Il ne vaut plus du point de vue judiciaire dès lors que les juges ne cessent de prendre en compte la proportionnalité des actions des uns et des autres et que l’on encadre la « légitime défense » des forces de l’ordre jusqu’à n’en faire qu’un slogan.

Il vaut encore moins dans les faits : depuis des dizaines d’années, des manifestations violentes se déroulent impunément. Plus encore, il existe des zones de non-droit officielles, comme les fameuses ZAD (« zones à défendre ») de Notre-Dame-des-Landes et de Sivens.

On a assisté, au fil du temps (il faudrait remonter jusqu’à la mort de Malik Oussekine en décembre 1986), à une progressive délégitimation de la violence légale.

Pour plusieurs raisons. 

Il y a, bien sûr, les progrès techniques permettant une administration soft de la violence. Les militaires ou gendarmes mobiles avec leurs fusils ont cédé la place à des guerriers ninjas équipés d’armes non létales. Les automitrailleuses ont été remplacées par des canons à eau.

Ce progrès technique marche main dans la main avec la « civilisation de la violence » : la répression n’est plus « tout ou rien » mais préventive, dissuasive et graduée. Il ne faut surtout pas tuer et le moindre blessé est un martyr de la brutalité policière. Qu’on songe, par comparaison, aux morts du 1er mai 1891 à Fourmies ou du métro Charonne le 8 février 1962 (j’omets pudiquement les 19 morts kanaks d’Ouvéa en 1988, la civilisation de la violence ne valant pas pour nos colonies...).

À beaucoup d’égards, il y a là un progrès vers moins de violence qui s’accorde avec notre conception d’une démocratie pacifiée mais riche de ses confrontations et de ses débats.

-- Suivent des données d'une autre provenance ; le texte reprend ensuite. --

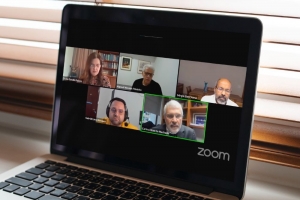 A partir do alto à esquerda, no sentido horário, Gisela Gondin Ramos, Manoel Messias Peixinho, Sérgio Sant’Anna, Carlos Eduardo Machado e Gabriel Lima Marques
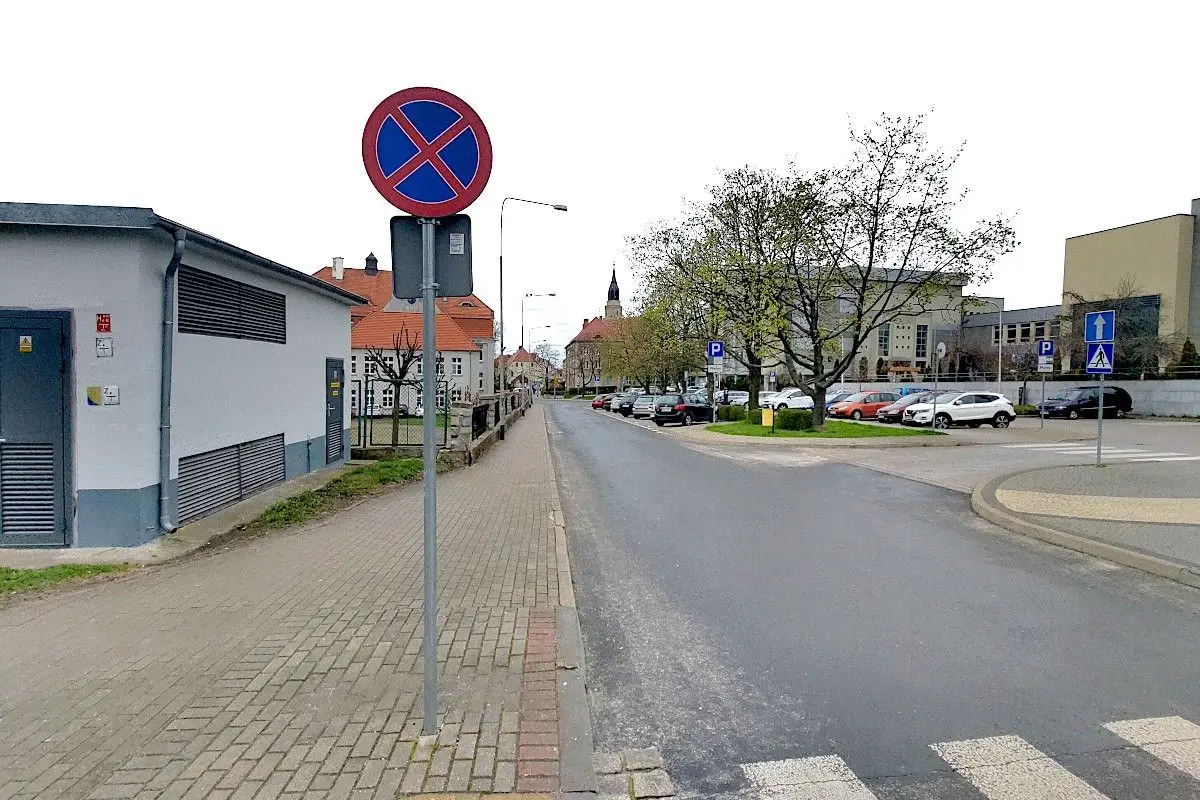 Znak B-36, zakaz zatrzymywania się przy ulicy Łukasiewicza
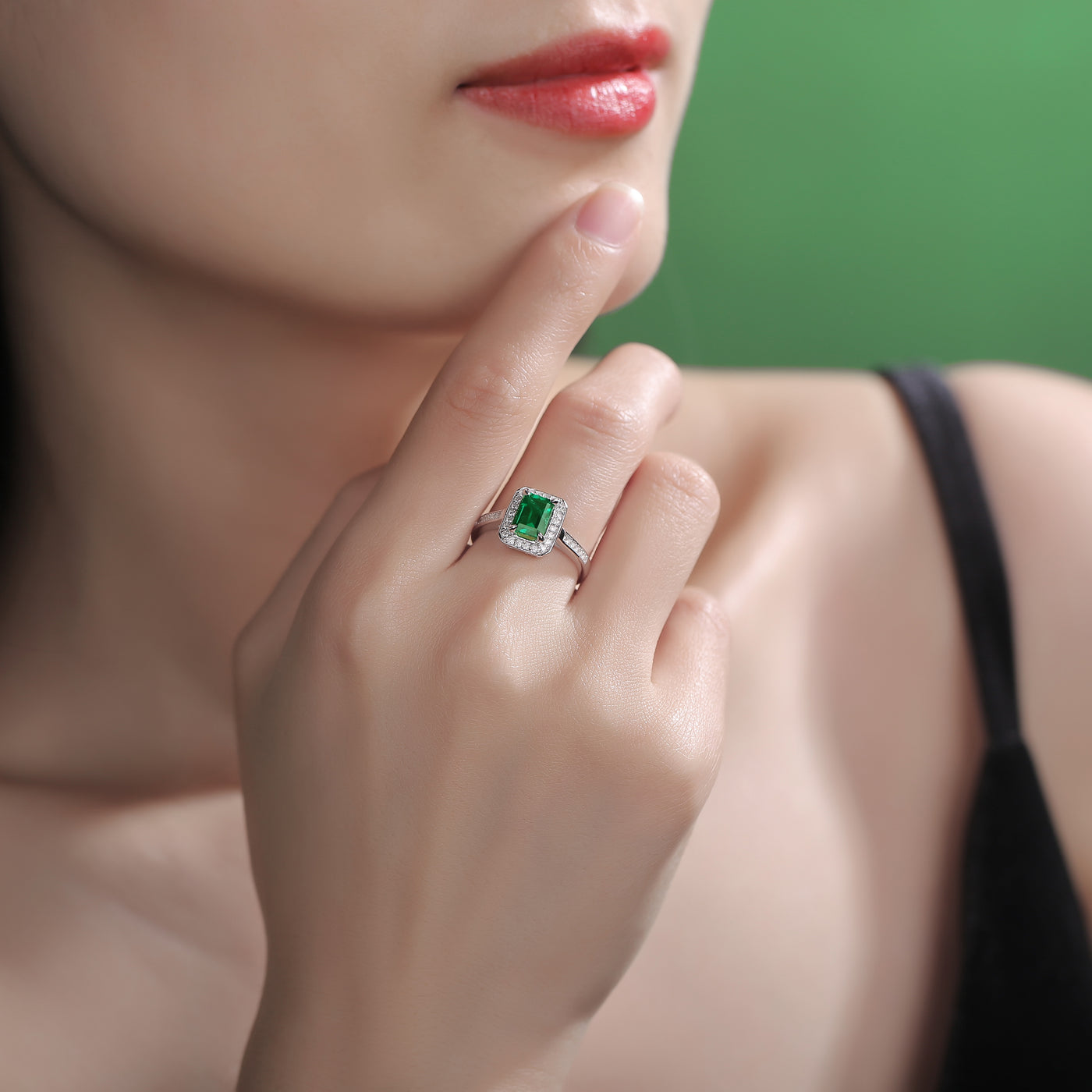 LANjewels Square Halo Emerald Gemstone Ring 1.0 ct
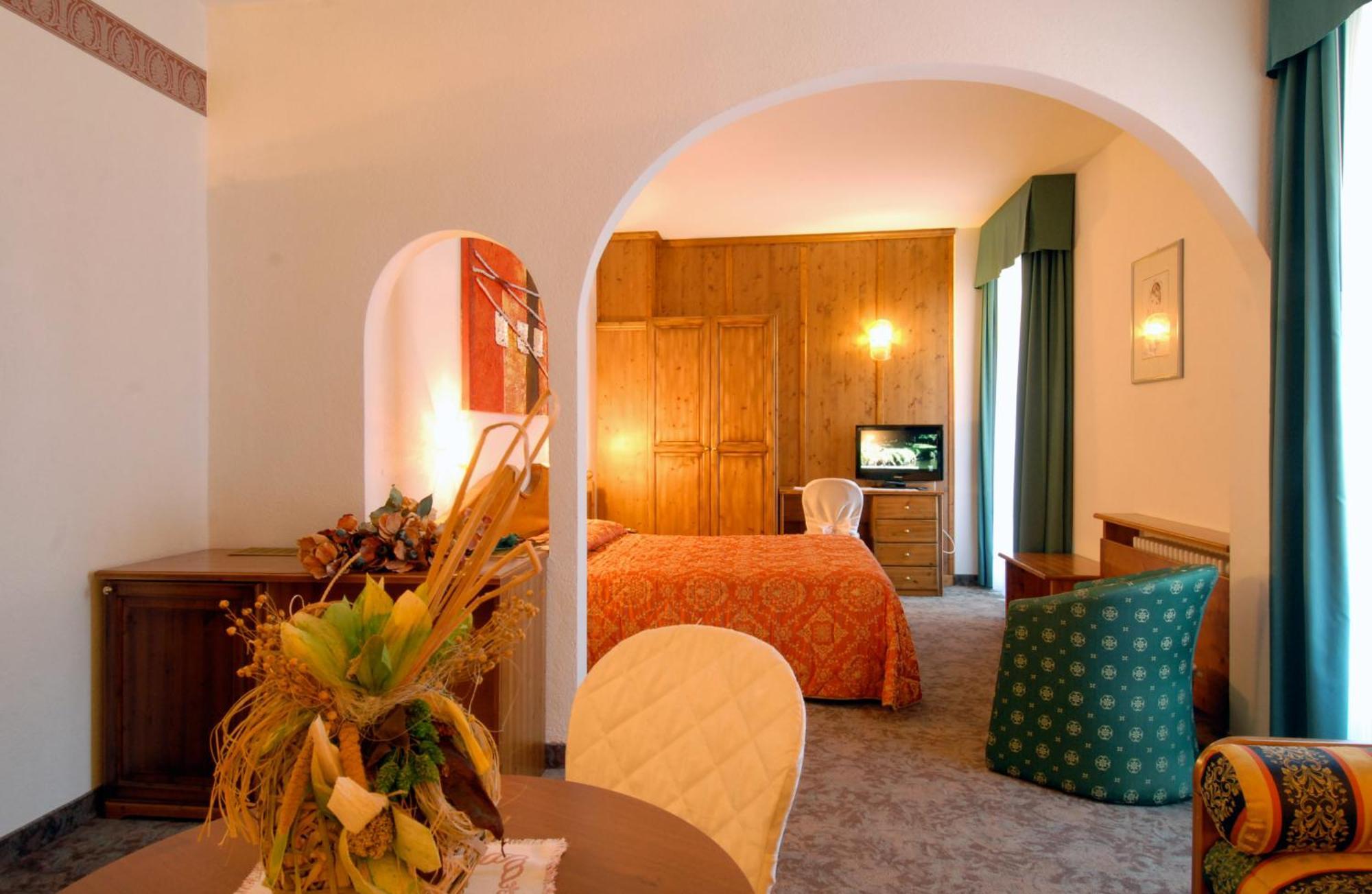 G. Hotel Des Alpes ซานมาร์ตีโนดีกัสตรอสซา ภายนอก รูปภาพ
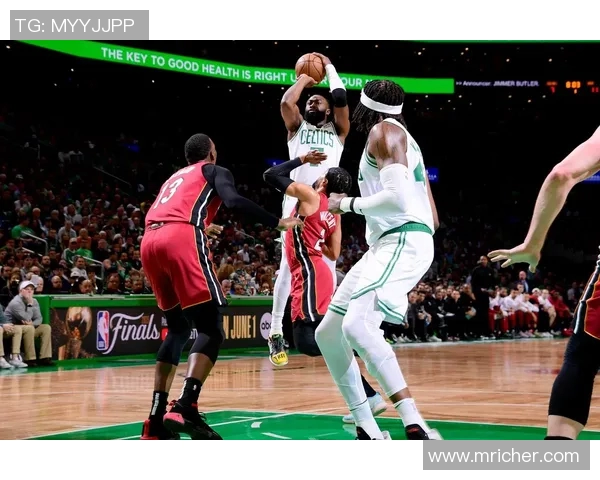 热火与凯尔特人2020年半决赛精彩直播回顾与分析 热火与凯尔特人2020年半决赛精彩直播回顾与分析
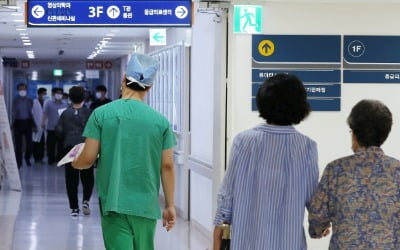 "나라면 절대 안 해" 꿀팁 화제…대학병원 3월 입원 피해라?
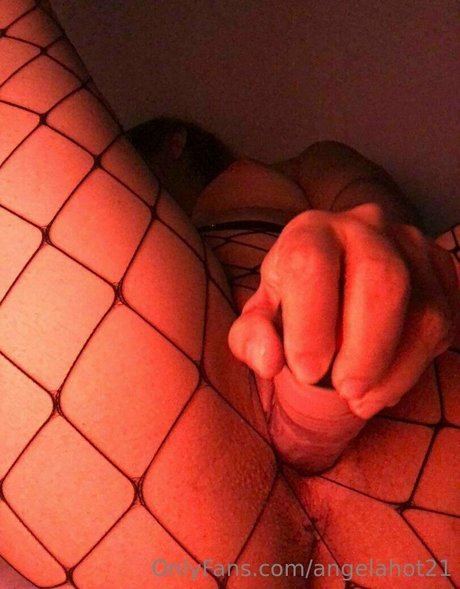 Angelahot21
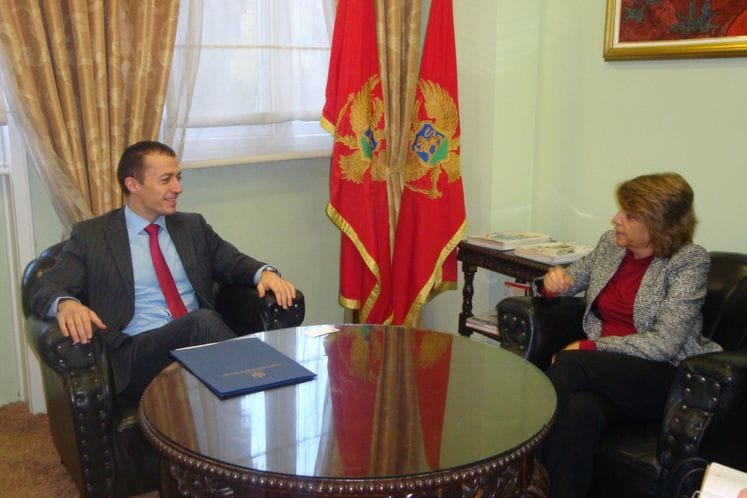 Saopštenje: Ministar finansija, dr Milorad Katnić, susreo se sa ambasadorom Ujedinjenih Arapskih Emirata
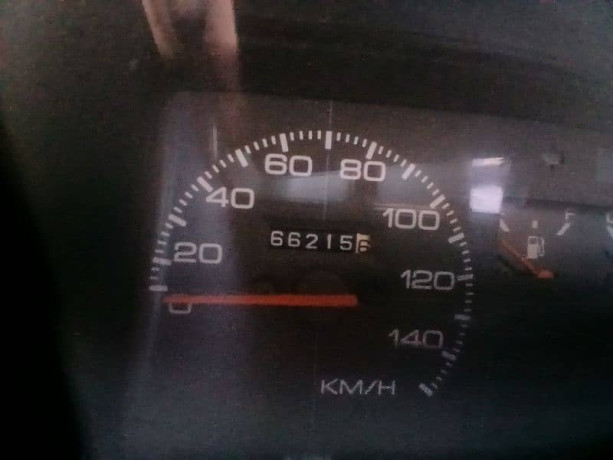 suzuki-mehran-vxr-2014-big-15
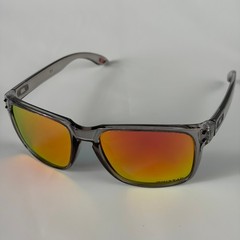 Oakley Holbrook XL Sunglasses Grey Smoke Frame Prizm Ruby Polarized With Box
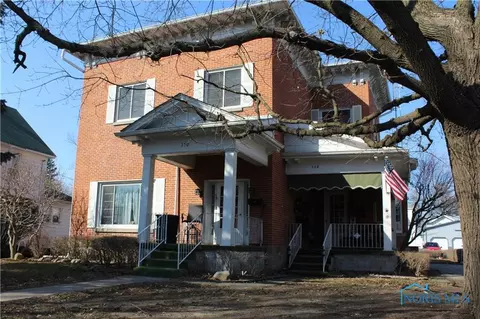 348 W Johnson St, Upper Sandusky, OH 43351 photo 2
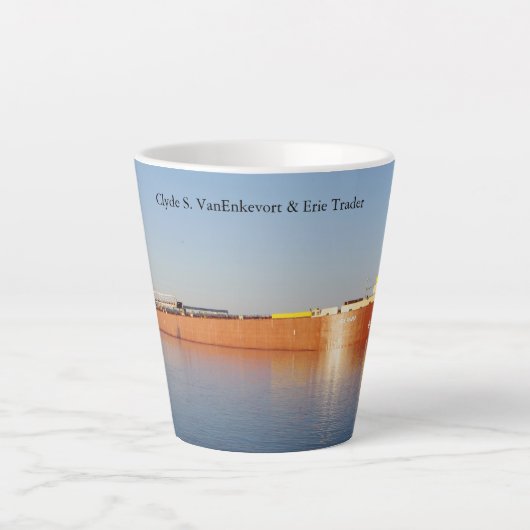 Clyde VanEnkevort & Erie Trader latte mok (Voorkant)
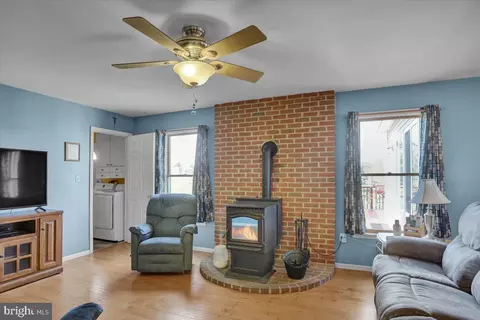 Living - 1 Coach Ln, Oley, PA 19547 photo 3 of 5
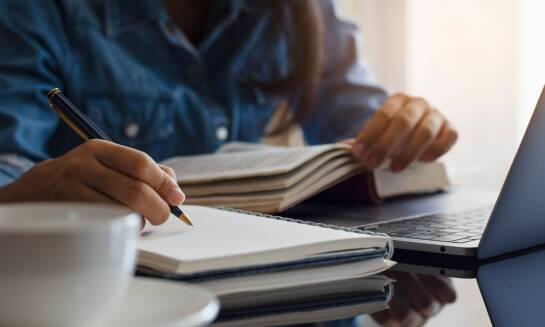 Jak wsparcie w edycji tekstów wpływa na jakość pracy dyplomowej?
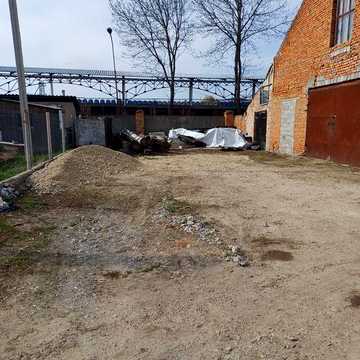 Продам приміщення склад сільсько-господарських запчастин.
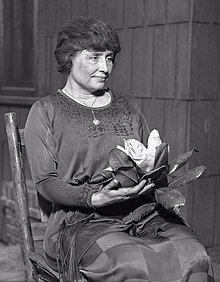 Helen_Keller_circa_1920_-_restored.jpg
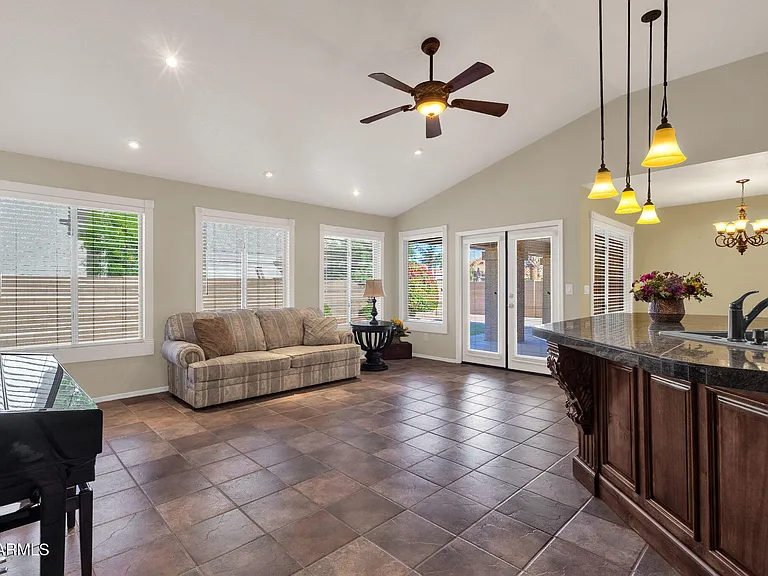 16847 S 29th Way — Photo 12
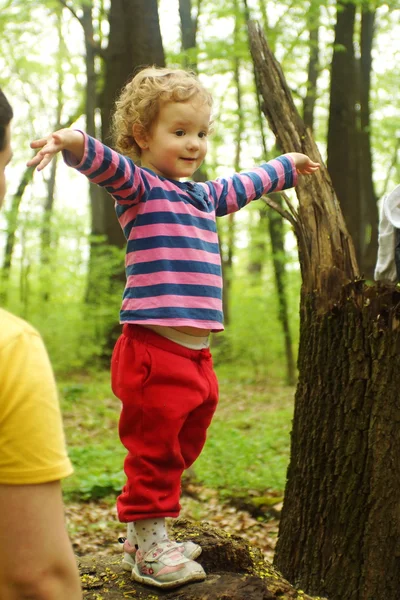 Cute little girl  in park — Stock Photo, Image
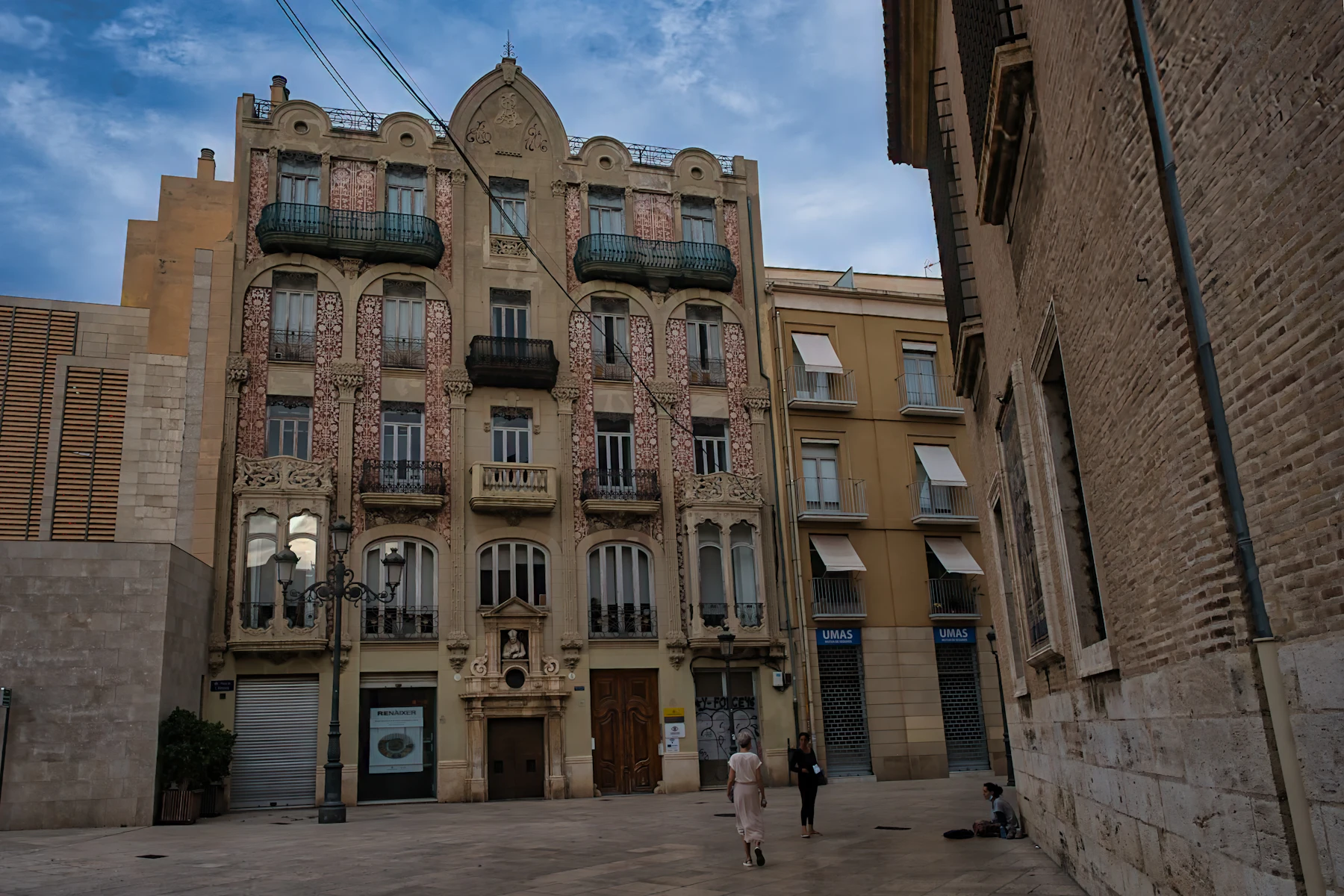 Fachada modernista del edificio de la oficina en el Ensanche de Valencia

Sauf que ce progrès s’accompagne de la banalisation de comportements illégaux. Il n’y a plus de frontière claire entre ordre et désordre, mais une continuelle négociation.

Passe encore que le sacro-saint droit de manifester, qui – il vaut la peine de le rappeler – est un droit de manifester ses opinions, se transforme en droit à couper les circulations routières ou ferroviaires, ou en droit à perturber la vie privée de ministres. Passe encore que le droit de grève se transforme en droit de séquestrer les cadres. Les choses sont déjà plus graves lorsque le droit de manifester devient un droit de casser commerces, mobilier urbain, véhicules – et policiers. 

Le plus grave, ce ne sont pourtant pas ces dégâts mais leur effet destructeur sur la communauté politique. On en vient en effet à un « désordre à la carte » qui est l’envers de l’État-guichet qui distribue ses prestations aux citoyens en fonction de leurs plaintes particulières. Il y a d’un côté ceux qui doivent subir l’état d’urgence (les Français d’origine immigrée) et d’un autre ceux qui n’y sont pas astreints (les zadistes écologistes, les cégétistes, les ados bobos radicaux qui jettent leur gourme). Le « à chacun selon sa plainte » devient un « à chacun selon sa violence ». Résultat : tout est « à la carte » et il n’y a plus de communauté.